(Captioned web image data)
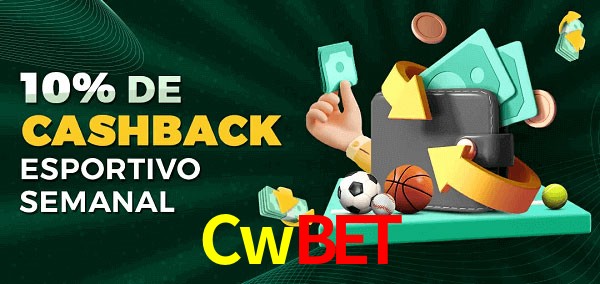 10% de bônus de cashback na Cwbet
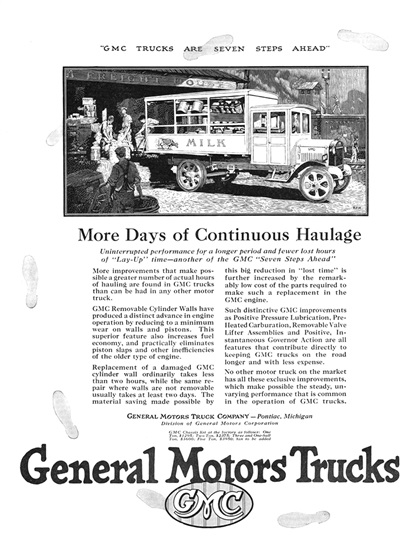 General Motors Trucks Ad (September, 1922): Illustrated by Roy Frederic Heinrich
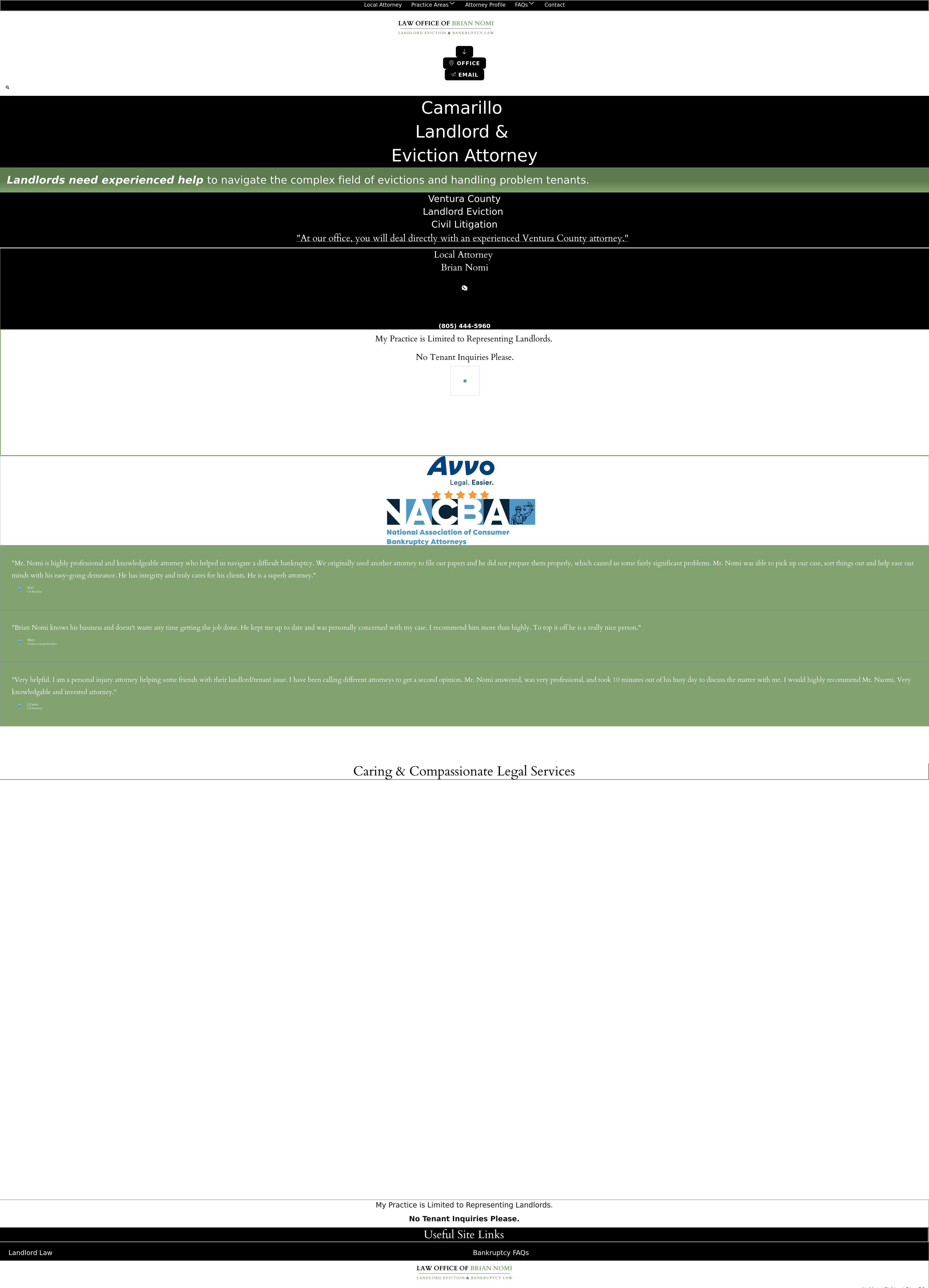 The Law Office of Brian Nomi - Camarillo CA Lawyers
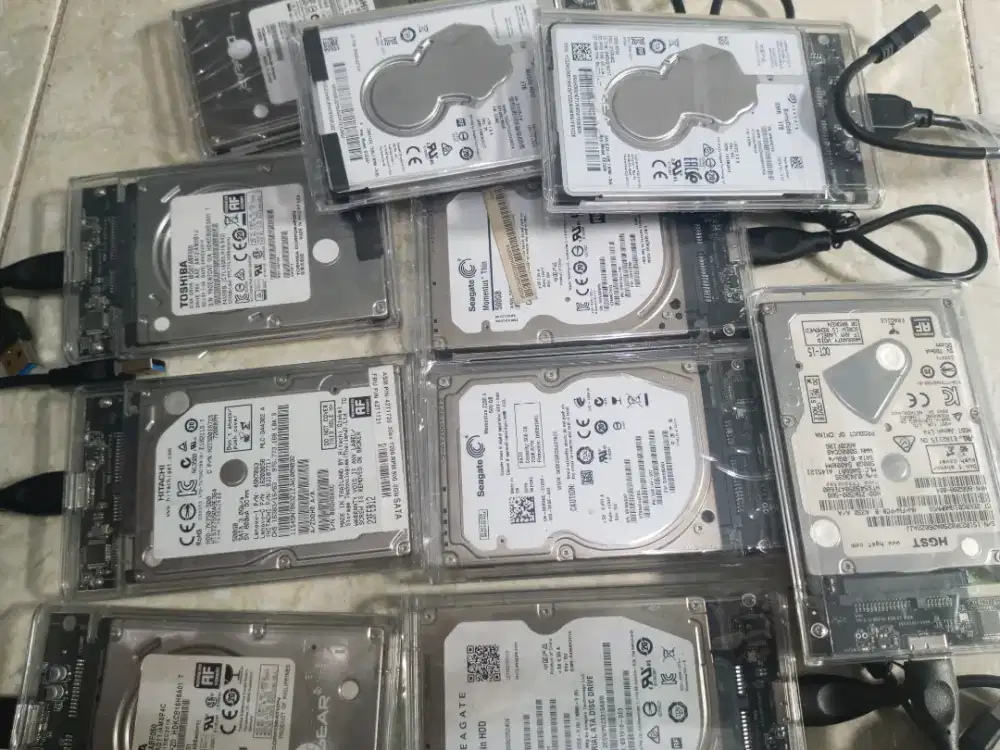 Hardisk eksternal 500GB normal kesehatan 100% bergaransi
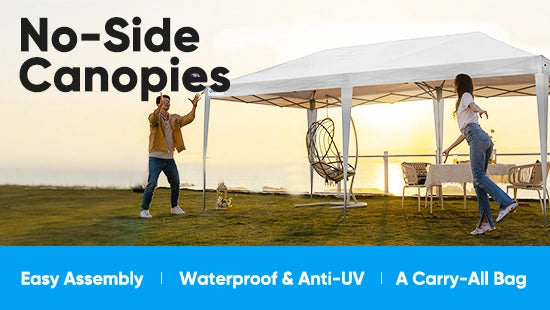 No Sidewalls pop up canopy for Quictent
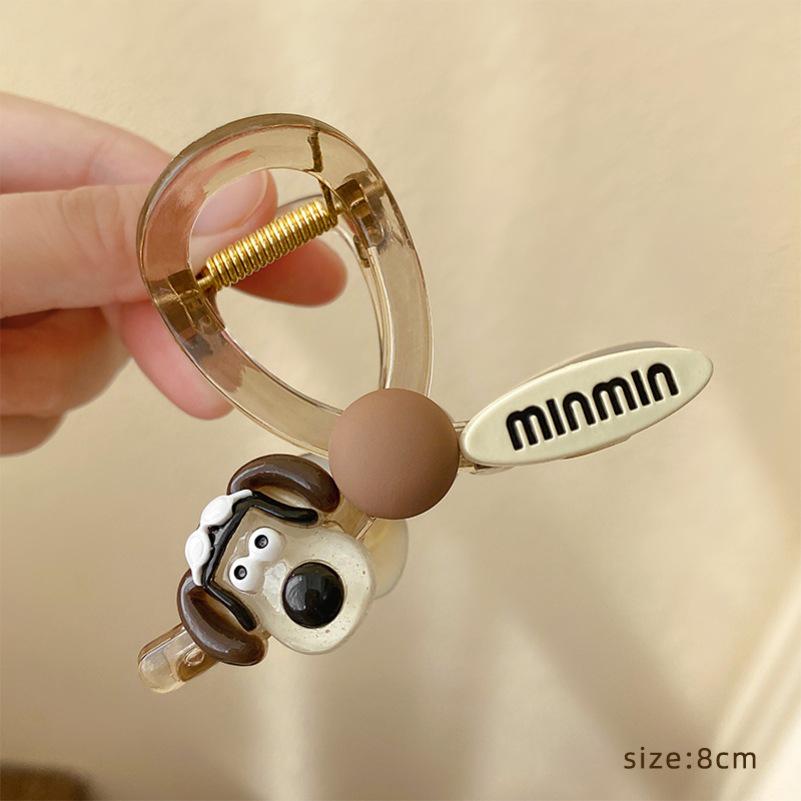 

13см Текстурированный Матовый Очень Большой Зажим-Краб для Волос для Женщин - Аксессуар для Высокой Прически Высокого Класса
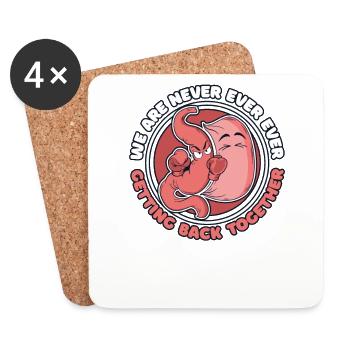 Nous ne nous retrouverons jamais ensemble gastrique - Dessous de verre (lot de 4) - blanc - Devant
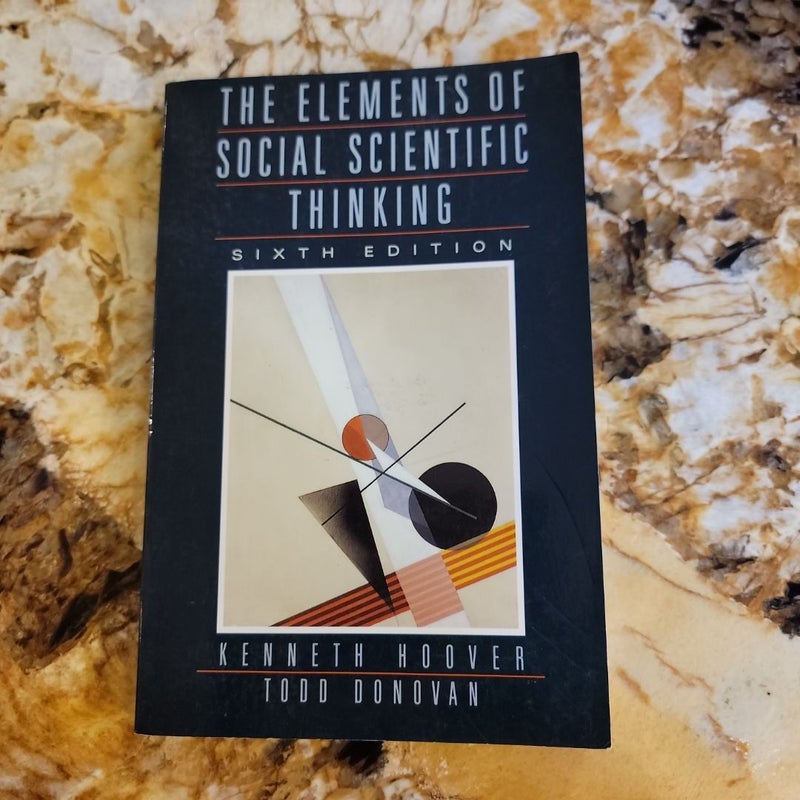 The Elements of Social Scientific Thinking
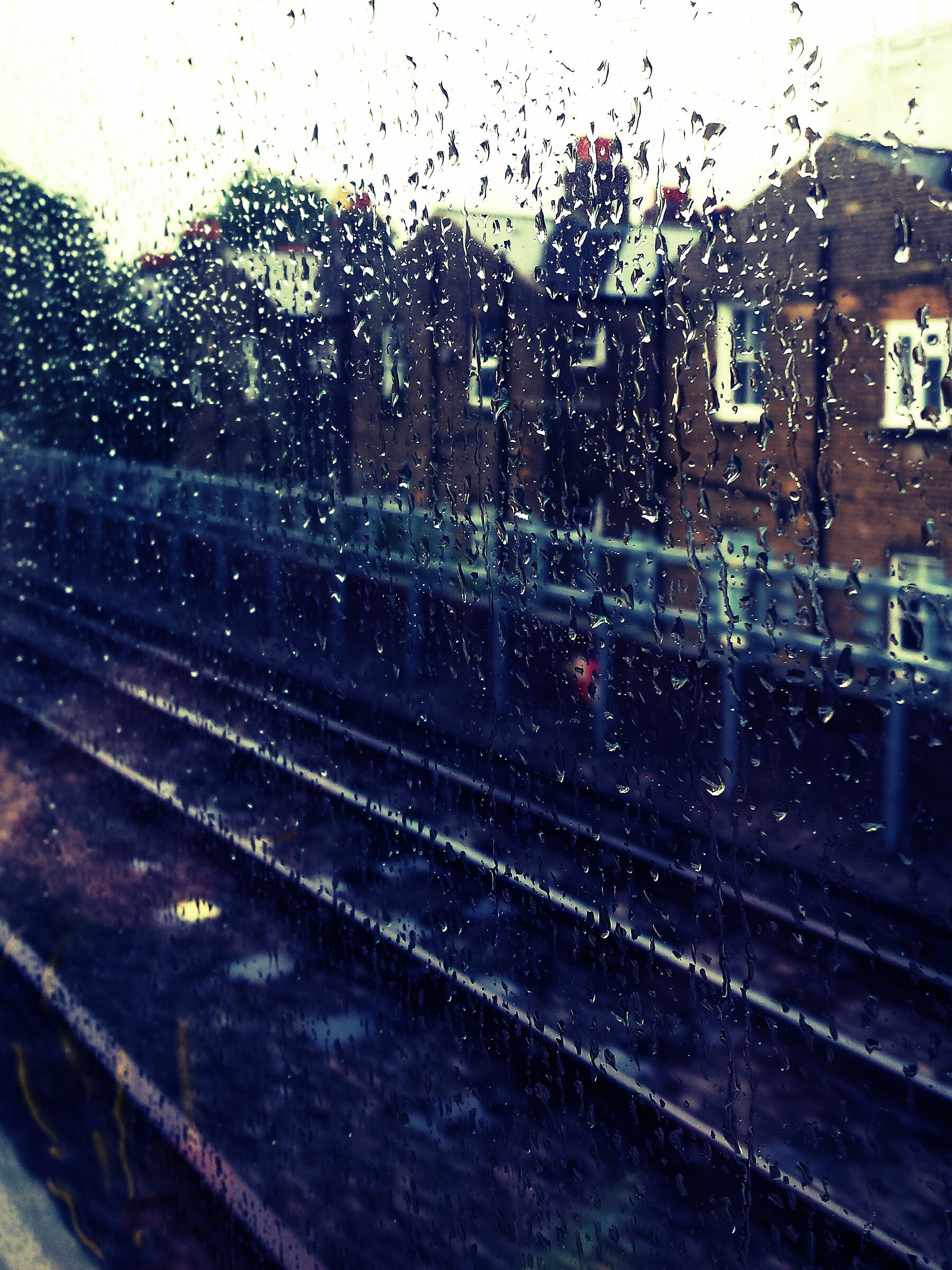 Viaggiare in un giorno di pioggia...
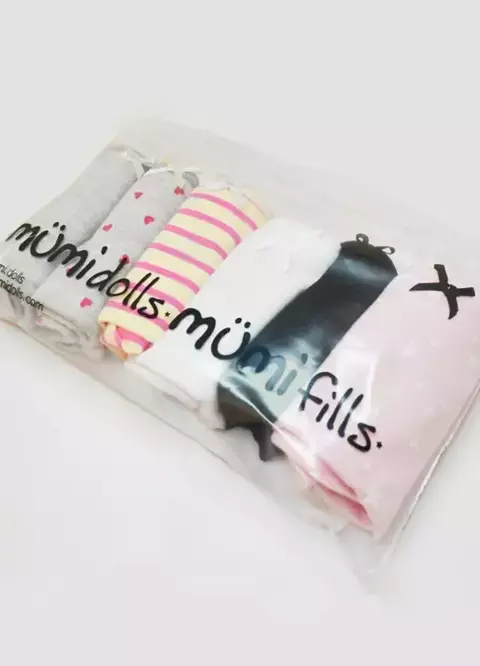 Pack X6 Bombacha culotte Mumi Dolls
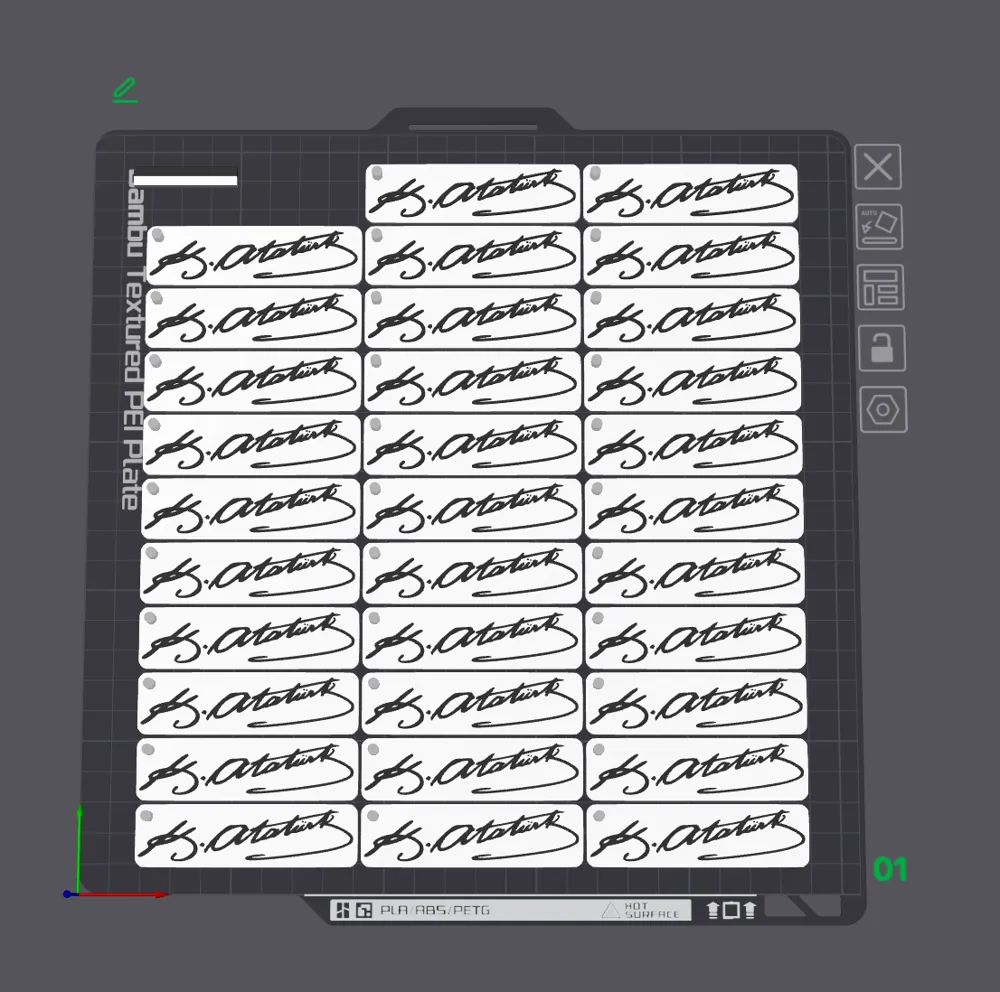 Llavero decorativo con diseño especial de la firma Ataturk, adorno coleccionable de regalo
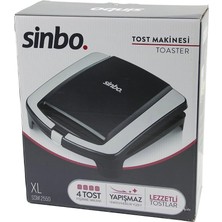 Belirtilmemiş Xl  Elektri̇kli̇ Tost Maki̇nesi̇   4 Tost   Yapişmaz Yüzey   1500W  SSM-2550 (5047)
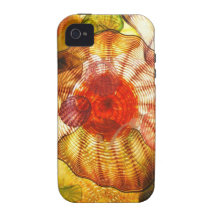 Buntes abstrakt Glasdurchbrennen Case-Mate iPhone 4 Case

Your task: Your copy of the entries must be exact and must not include any of their pictures.

Answer area:
 10% de bônus de cashback na Cwbet
 General Motors Trucks Ad (September, 1922): Illustrated by Roy Frederic Heinrich
 The Law Office of Brian Nomi - Camarillo CA Lawyers
 Hardisk eksternal 500GB normal kesehatan 100% bergaransi
 No Sidewalls pop up canopy for Quictent

13см Текстурированный Матовый Очень Большой Зажим-Краб для Волос для Женщин - Аксессуар для Высокой Прически Высокого Класса
 Nous ne nous retrouverons jamais ensemble gastrique - Dessous de verre (lot de 4) - blanc - Devant
 The Elements of Social Scientific Thinking
 Viaggiare in un giorno di pioggia...
 Pack X6 Bombacha culotte Mumi Dolls
 Llavero decorativo con diseño especial de la firma Ataturk, adorno coleccionable de regalo
 Belirtilmemiş Xl  Elektri̇kli̇ Tost Maki̇nesi̇   4 Tost   Yapişmaz Yüzey   1500W  SSM-2550 (5047)
 Buntes abstrakt Glasdurchbrennen Case-Mate iPhone 4 Case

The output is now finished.